A área é mais conhecida pelos vin jaune, os famosos “vinhos amarelos”
Das regiões vinícolas francesas, o Jura talvez seja a mais negligenciada pelos enófilos.
Localizada no leste da França, a área é mais conhecida pelos vin jaune, os famosos “vinhos amarelos”, feitos com processo similar ao de Jerez, com véu em flor (com estágio mínimo de seis anos e três meses antes de serem engarrafados). No entanto, os vinhos do Jura não se resumem a esse estilo clássico.
Lá é possível encontrar desde espumantes, passando por brancos, tintos e doces. Castas como Poulsard, Trousseau e Savagnin, além de Chardonnay e Pinot Noir, são responsáveis por vinhos excepcionais, que, após encantar críticos de vinho, têm atingido cada vez mais consumidores.
Na região há nomes cultuados como Pierre Overnoy, cujas garrafas agora podem alcançar cifras altíssimas, mas essa maior exposição do Jura na mídia também tem facilitado o acesso aos seus vinhos, sejam tintos refrescantes, sejam brancos que rivalizam com os borgonheses, sejam os icônicos vin jaune.
Elaborado exclusivamente a partir de Trosseau, com estágio de 12 meses em barricas de carvalho, é um vinho fresco, tenso e cativante, tem taninos firmes e granulados, acidez elétrica e final persistente, com toques defumados e de cerejas.
Os Garnacha de Sierra de Gredos têm sido apontados como “tesouros escondidos”

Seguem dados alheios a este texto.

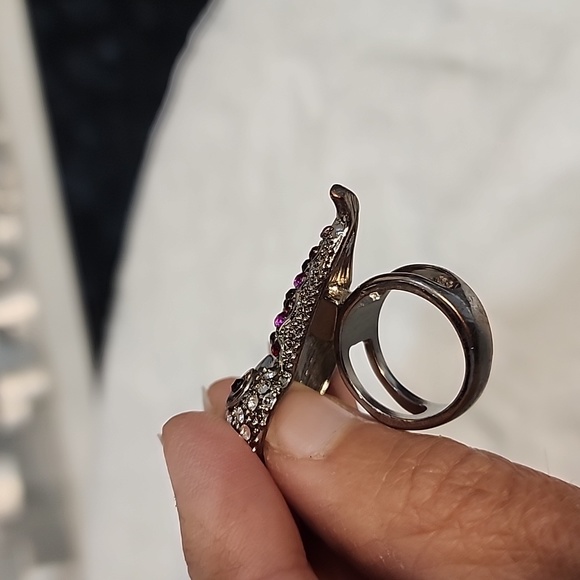 Multi colored Owl Rhinestone Ring - Picture 4 of 4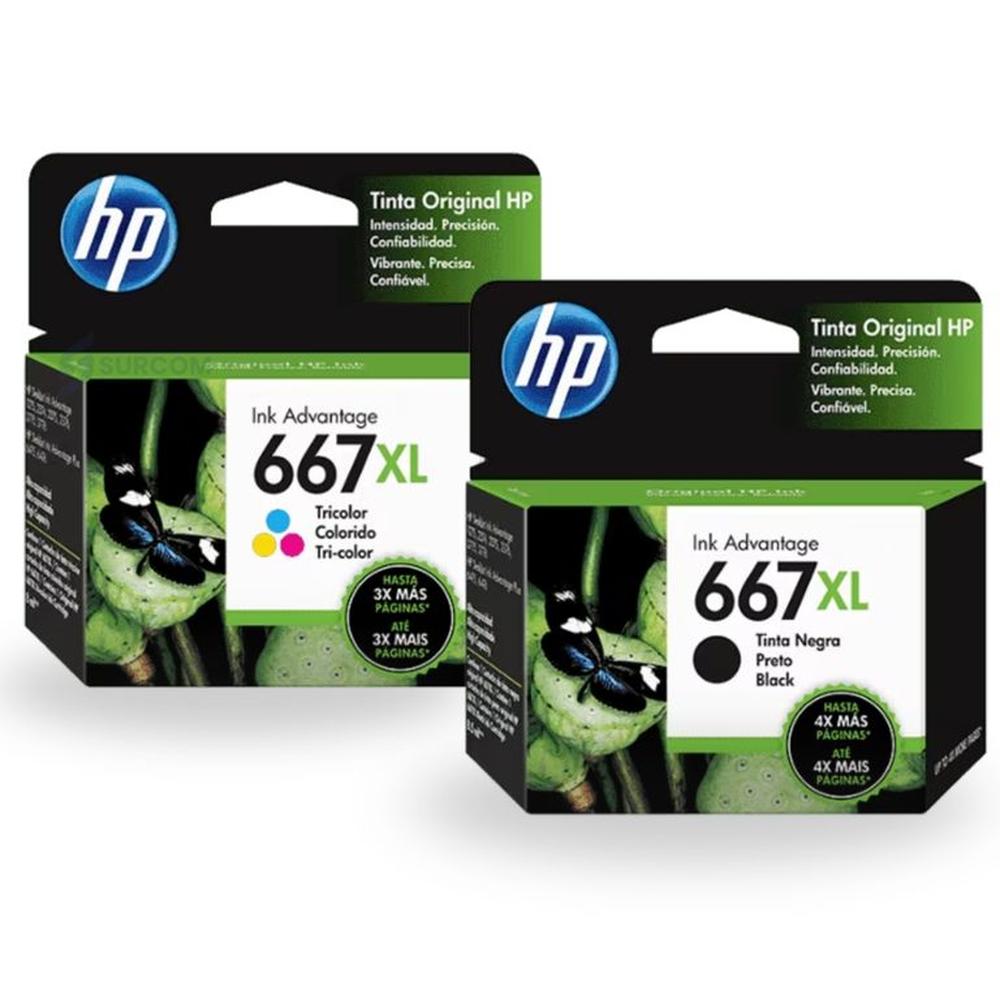 Kit Tinta HP 667XL Negro Tricolor original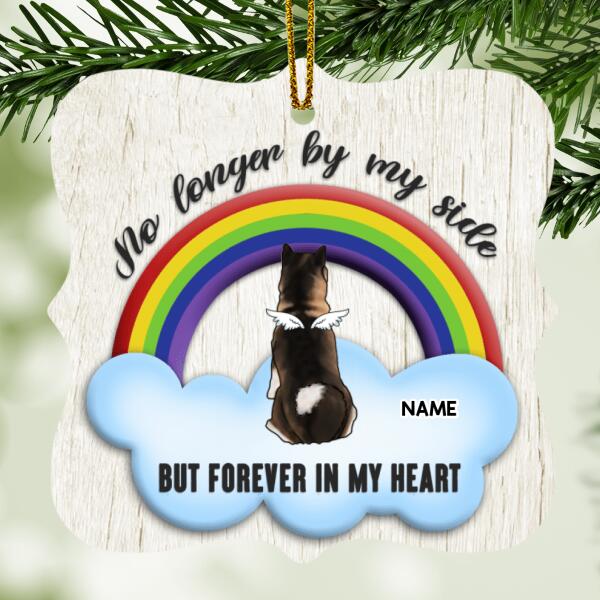 No Longer By My Side But Forever In My Heart, Rainbow Wooden Ornate Shaped Wooden Ornament, Personalized Dog Breeds
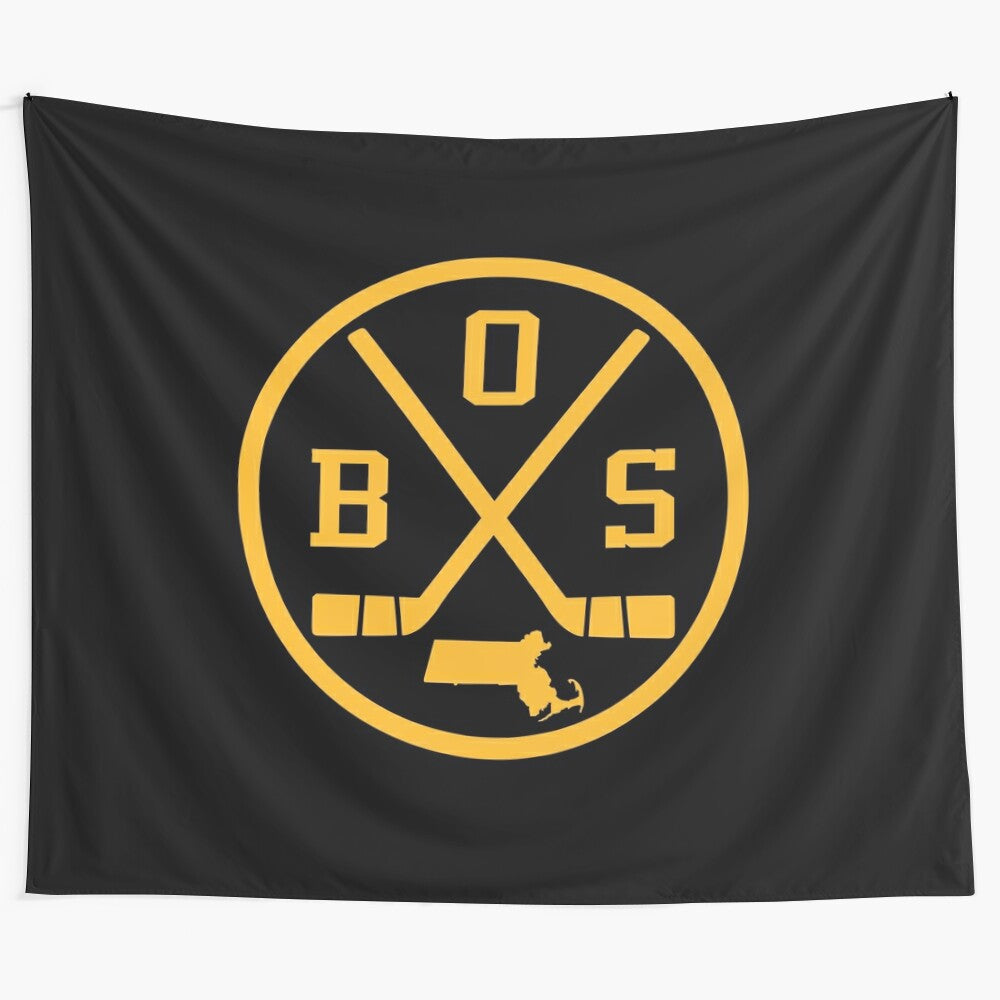 Vintage-style Boston Bruins tapestry wall hanging featuring retro hockey emblem design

Certamente a “moda” mais recente desta lista. Os vinhos de Gredos, na Espanha, vêm chamando a atenção dos críticos nos últimos dois anos.
Os Garnacha de Sierra de Gredos, local próximo a Madrid, têm sido apontados como “tesouros escondidos”. Mas não somente os Garnacha, como brancos feitos com Albillo Real, outra variedade local. Os solos graníticos da região deixam marcas na estrutura dos vinhos, com boa acidez e tanicidade. Segundo Jancis Robinson, “os vinhos Gredos têm sabor muito no estilo Borgonha, menos extraído, mais etéreo e mais leve que a maioria dos Garnacha espanhóis. A percepção do álcool pode ser alta, mas os vinhos conseguem reter alguma leveza, gerando um estilo único e reconhecível”.

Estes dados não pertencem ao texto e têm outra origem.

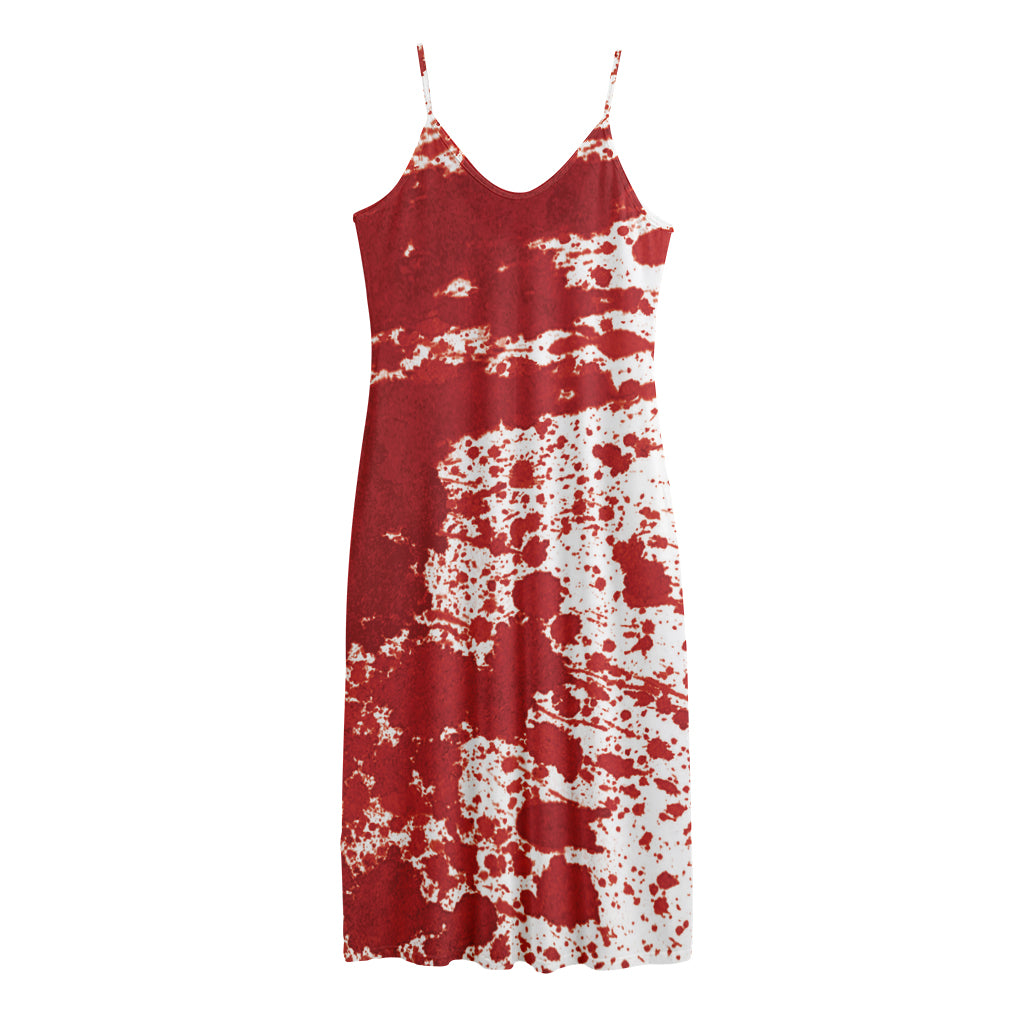 Red Blood Stains Print Jersey Midi Cami Dress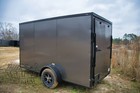 New 2027 6x12 6 X 12 V-nosed Enclosed Black Out Cargo Motorcycle Trailer W  Ramp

Curiosamente, não existe uma denominação Sierra de Gredos oficial, então os vinhos (de três diferentes províncias) podem aparecer como DO Madrid, ou DO Méntrida, mas já há projetos para uma regulamentação específica.
Este 100% Garnacha conta com estágio de 12 meses em barris de carvalho francês de 500 litros. Vertical, tem taninos granulados, acidez refrescante e final persistente e suculento.